= Problem to solve =
The expected result is a word-for-word copy of the entries, minus any pictures.

#### Input data

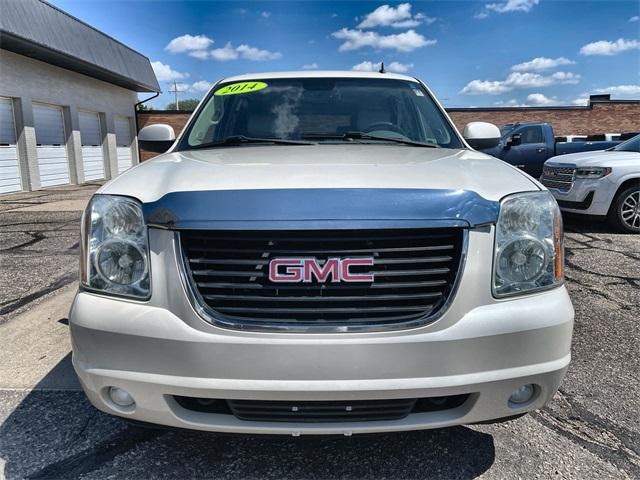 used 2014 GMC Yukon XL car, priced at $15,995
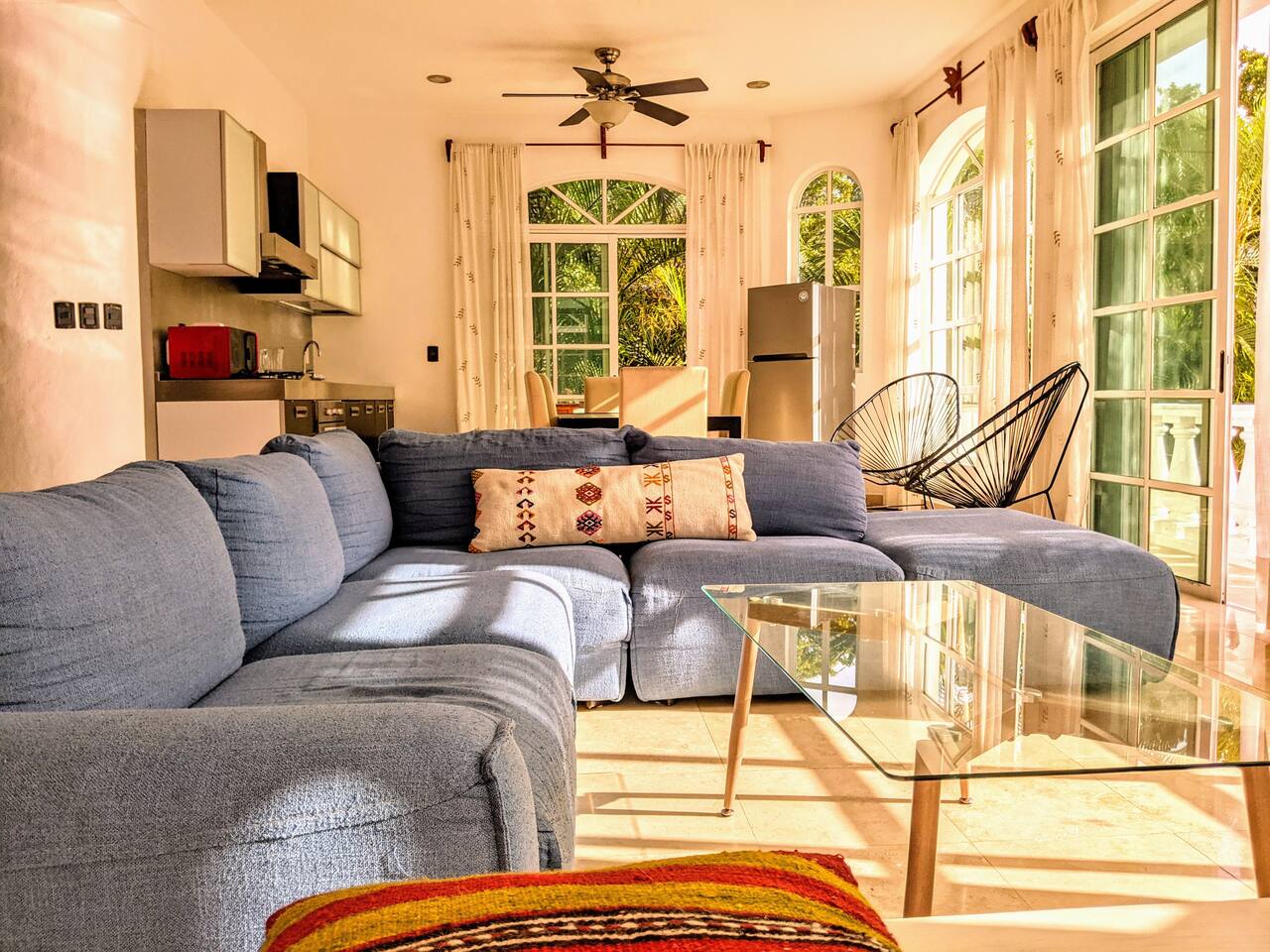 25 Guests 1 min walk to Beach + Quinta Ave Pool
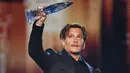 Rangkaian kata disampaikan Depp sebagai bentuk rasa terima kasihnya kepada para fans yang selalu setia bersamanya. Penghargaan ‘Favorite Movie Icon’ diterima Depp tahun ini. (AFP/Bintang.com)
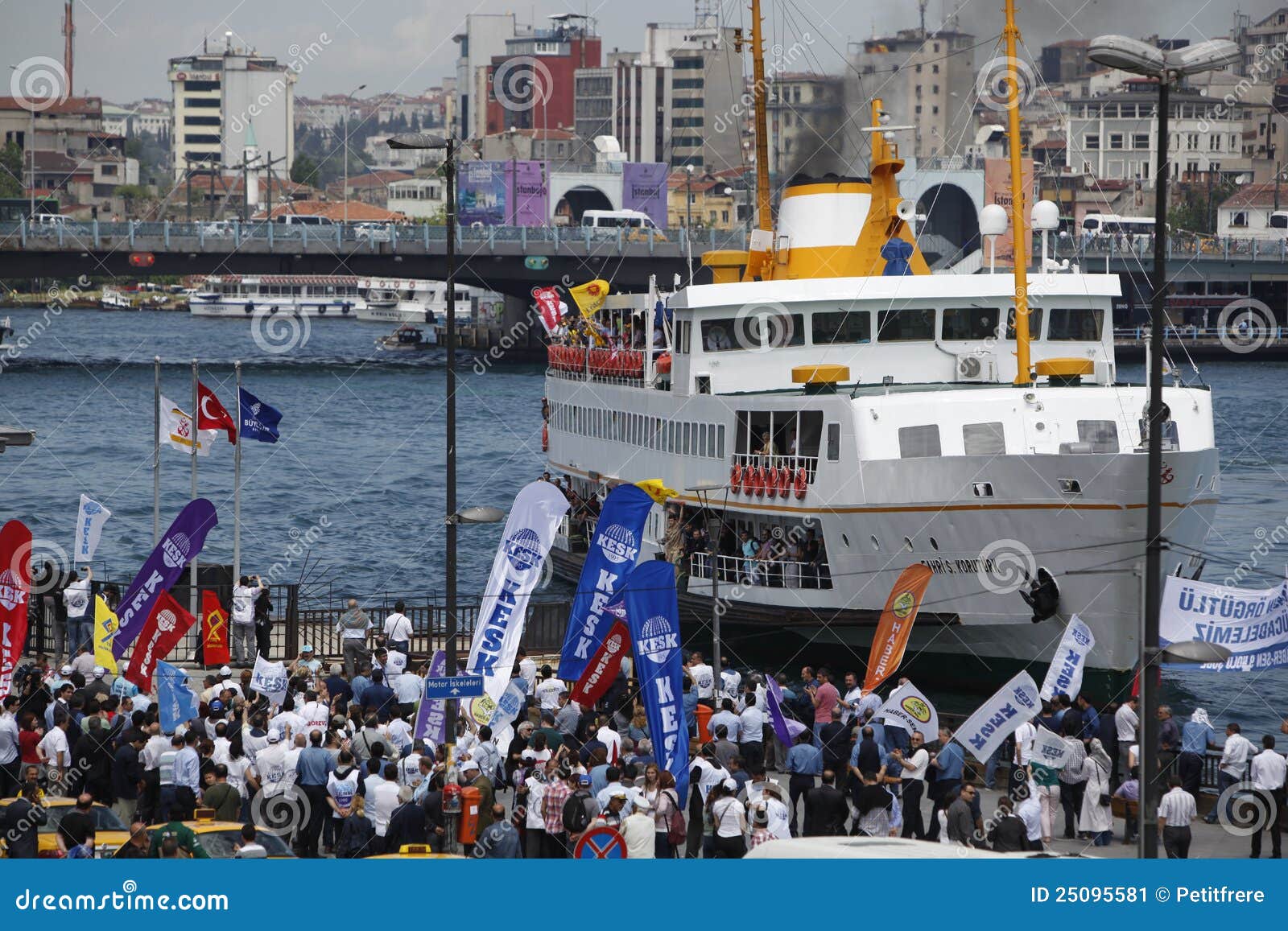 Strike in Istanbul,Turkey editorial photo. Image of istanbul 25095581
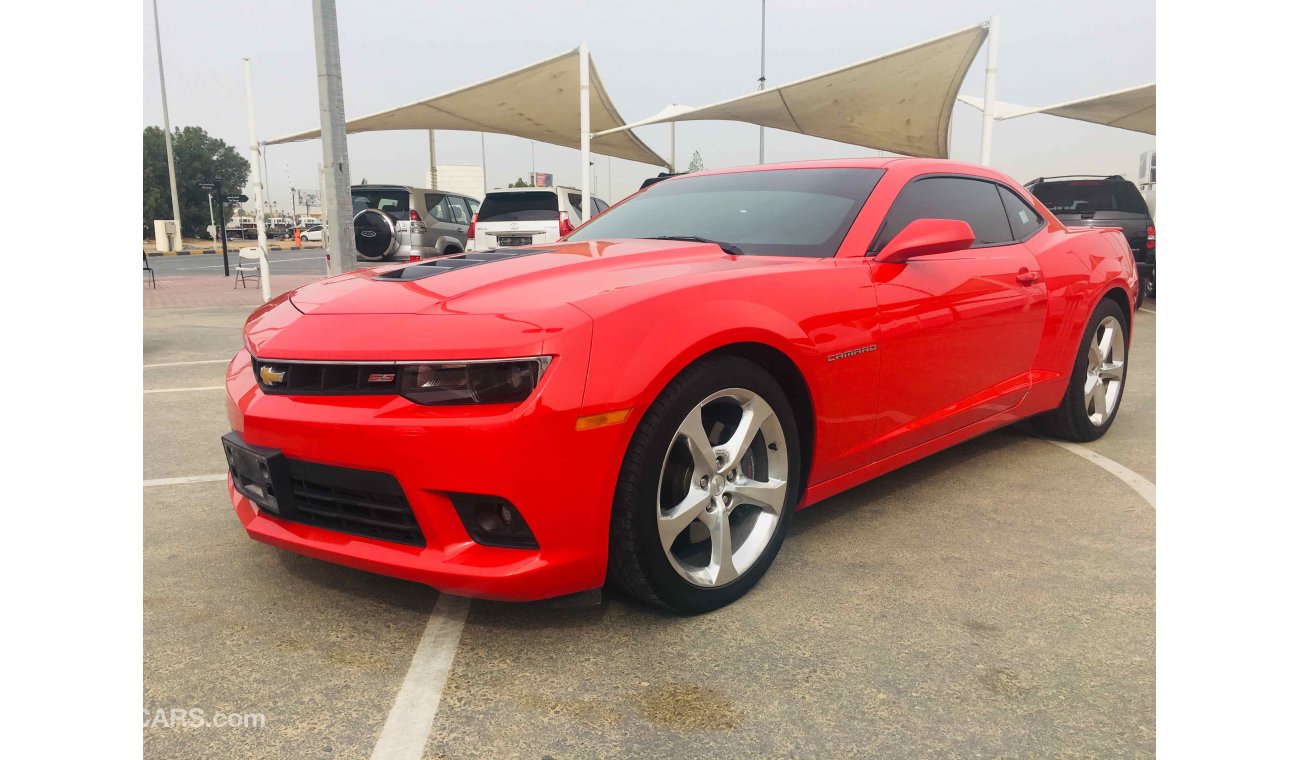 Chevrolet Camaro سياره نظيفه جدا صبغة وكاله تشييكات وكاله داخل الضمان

########

= Result =
 used 2014 GMC Yukon XL car, priced at $15,995
 25 Guests 1 min walk to Beach + Quinta Ave Pool
 Rangkaian kata disampaikan Depp sebagai bentuk rasa terima kasihnya kepada para fans yang selalu setia bersamanya. Penghargaan ‘Favorite Movie Icon’ diterima Depp tahun ini. (AFP/Bintang.com)
 Strike in Istanbul,Turkey editorial photo. Image of istanbul 25095581
 Chevrolet Camaro سياره نظيفه جدا صبغة وكاله تشييكات وكاله داخل الضمان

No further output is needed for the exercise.